Short web captions:
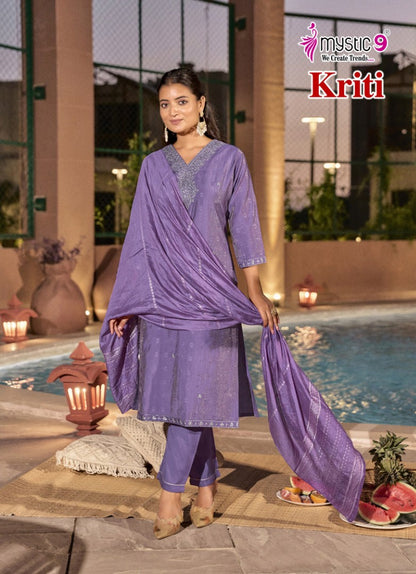 Kriti Vol 1 Mystic 9 Vertican Readymade Pant Style Suits Manufacturer India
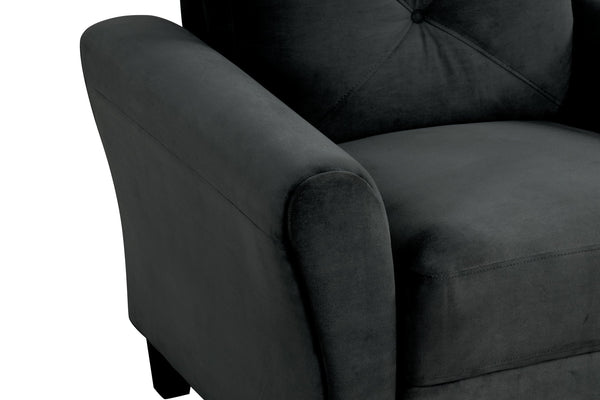 English Elm Couch Luxurious Black Velvet Sectional Set 1+2+3 - Modern Comfort For Stylish Living Spaces! W2121S00011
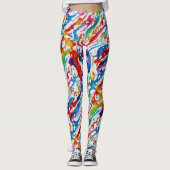 モダン抽象芸術アートレインボーカラー絵を描（ばちゃばちゃ）跳ねる レギンス (正面)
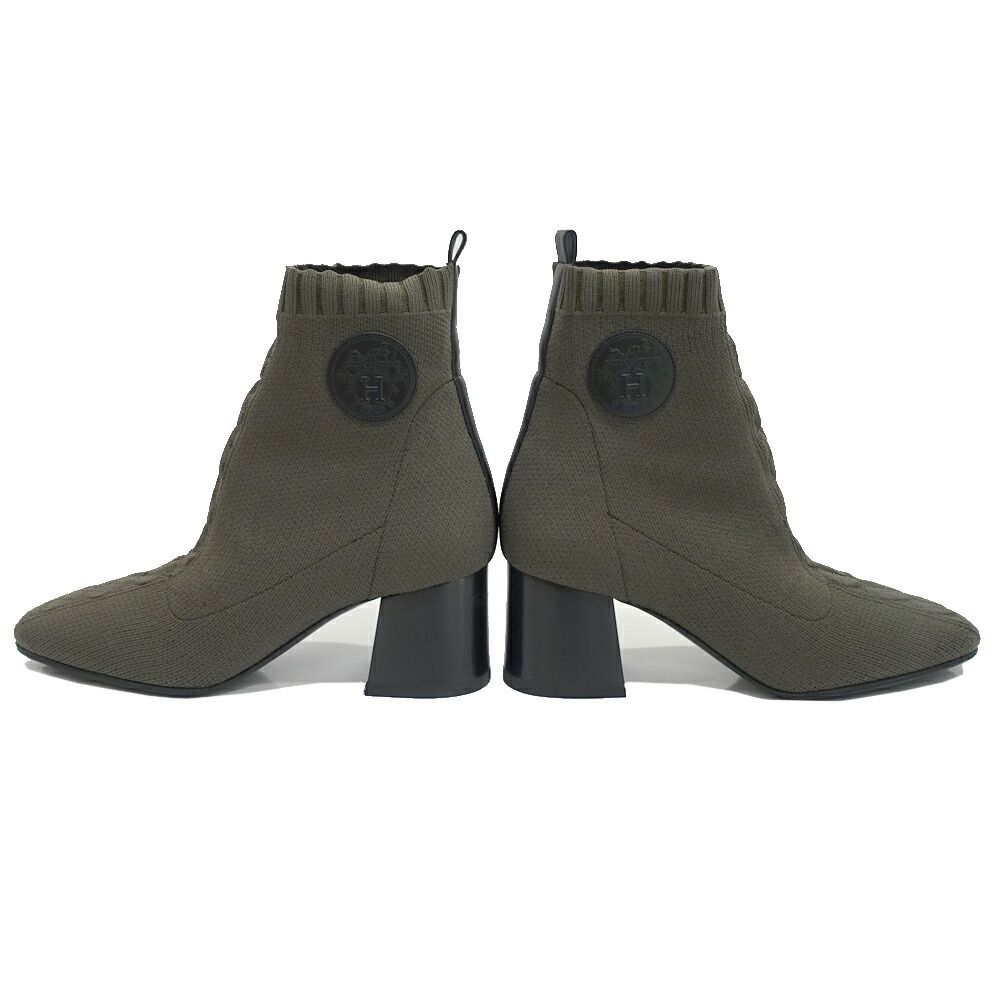 Hermes Vol Vert Short Boots 37.5 JP..5 cm Khaki Black — view 5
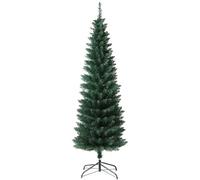 SOLAGUA Árbol de Navidad Slim Artificial Abeto Fino de Hoja Espumillón 150-210cm Arboles C/Soporte Metálico (Verde Oscuro, 180cm 347Tips)
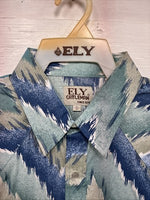 New Men’s ELY Cattleman Blue Green design Long Sleeve Pearl Snap 17 X 34 XL T-37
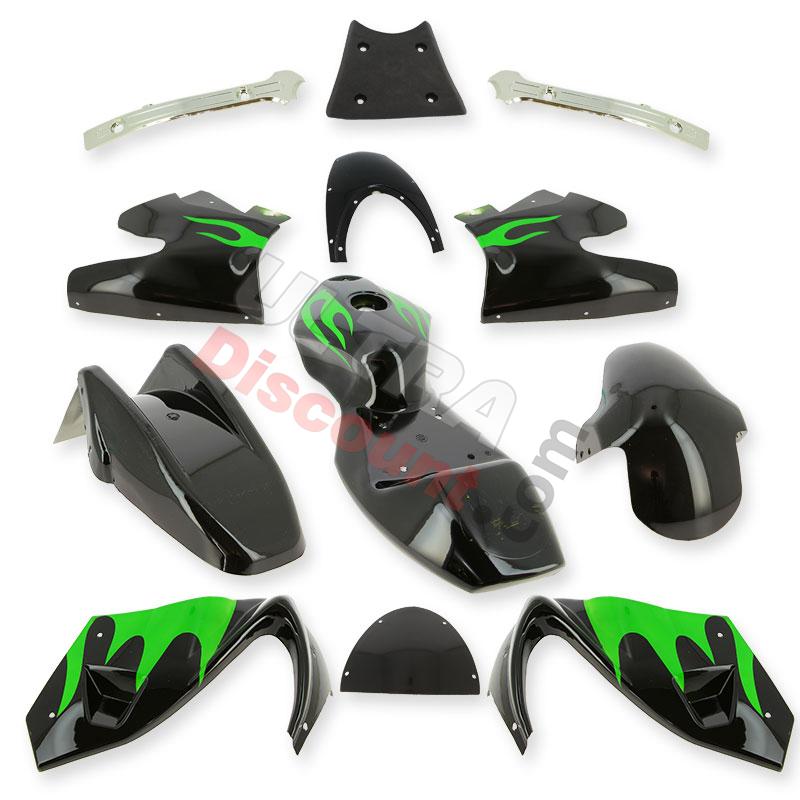 Carenage Pocket bike 47-49cc (Noir-Vert), Pièces Pocket Bike Carenage Pocket bike 47-49cc (Noir-Vert), Pièces Pocket Bike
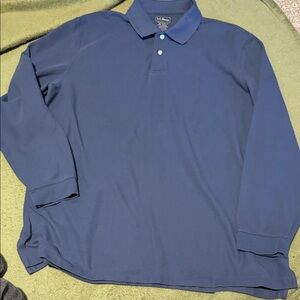 L.L. Bean Navy Long Sleeve Polo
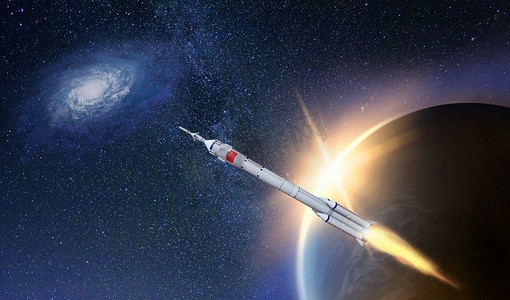 中国航天日火箭火箭创意合成摄影图配图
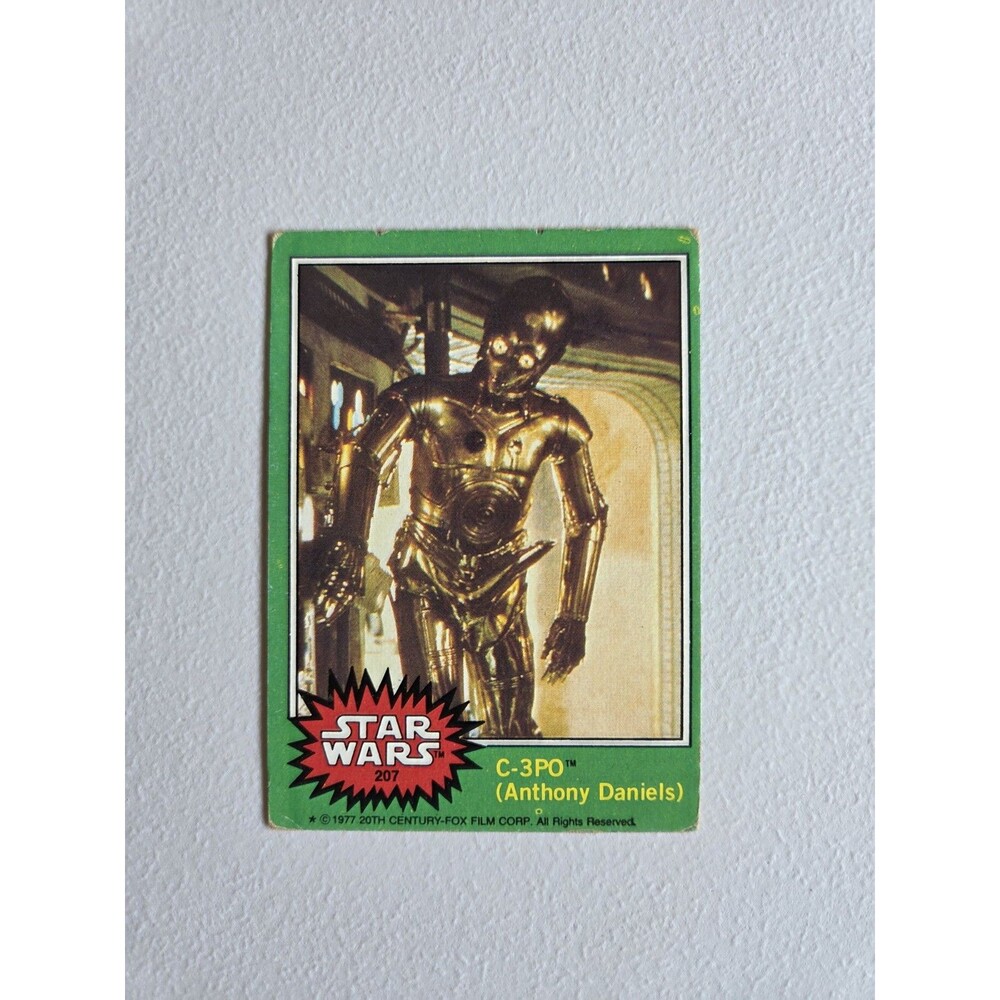 1977 Topps Star Wars Golden Rod C-3PO Error Card #207 Series 4 Plus Bonus Card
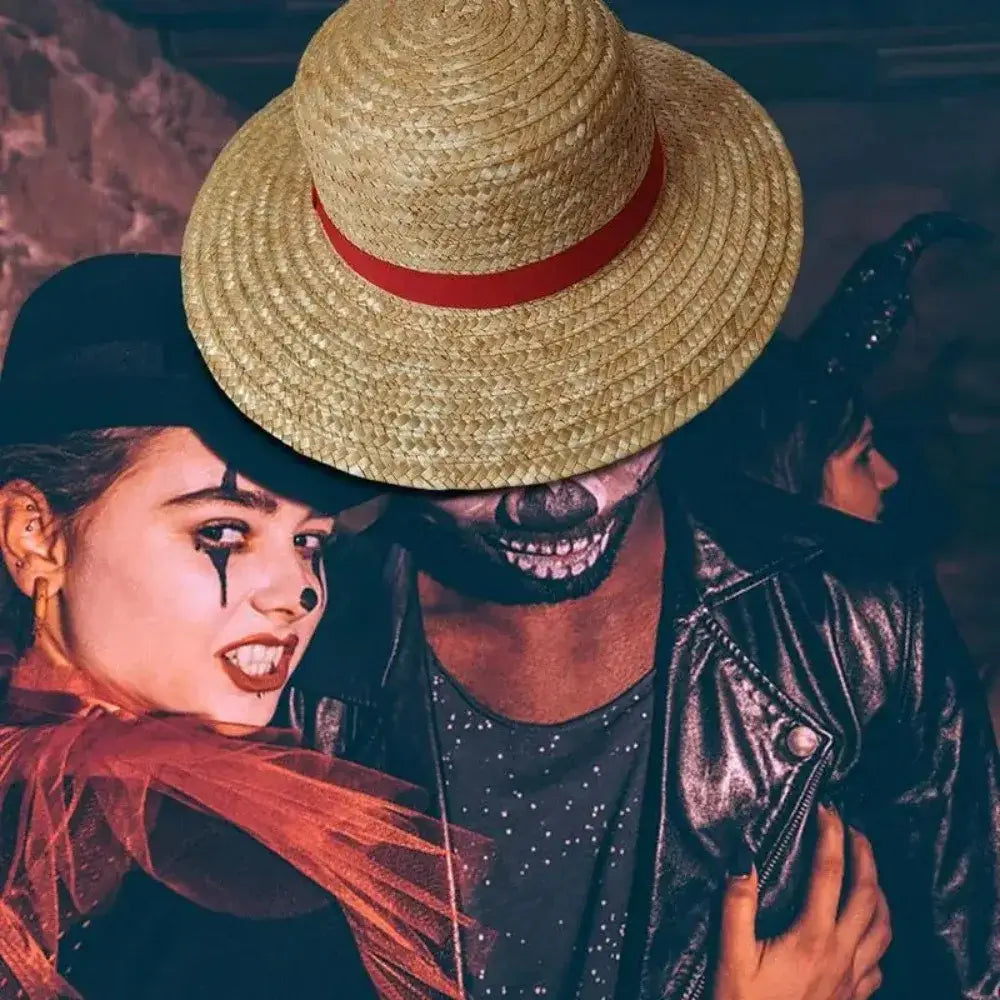 One piece monkey d luffy straw hat with woven texture and red band offering sun protection in 31/35cm size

Work to complete - Only one thing is required: an exact printout of the lines from the line containing "Pocket Bike Carenage" through the last line of the records, pictures excluded.

Exercise output -
 Carenage Pocket bike 47-49cc (Noir-Vert), Pièces Pocket Bike Carenage Pocket bike 47-49cc (Noir-Vert), Pièces Pocket Bike
 L.L. Bean Navy Long Sleeve Polo
 中国航天日火箭火箭创意合成摄影图配图
 1977 Topps Star Wars Golden Rod C-3PO Error Card #207 Series 4 Plus Bonus Card
 One piece monkey d luffy straw hat with woven texture and red band offering sun protection in 31/35cm size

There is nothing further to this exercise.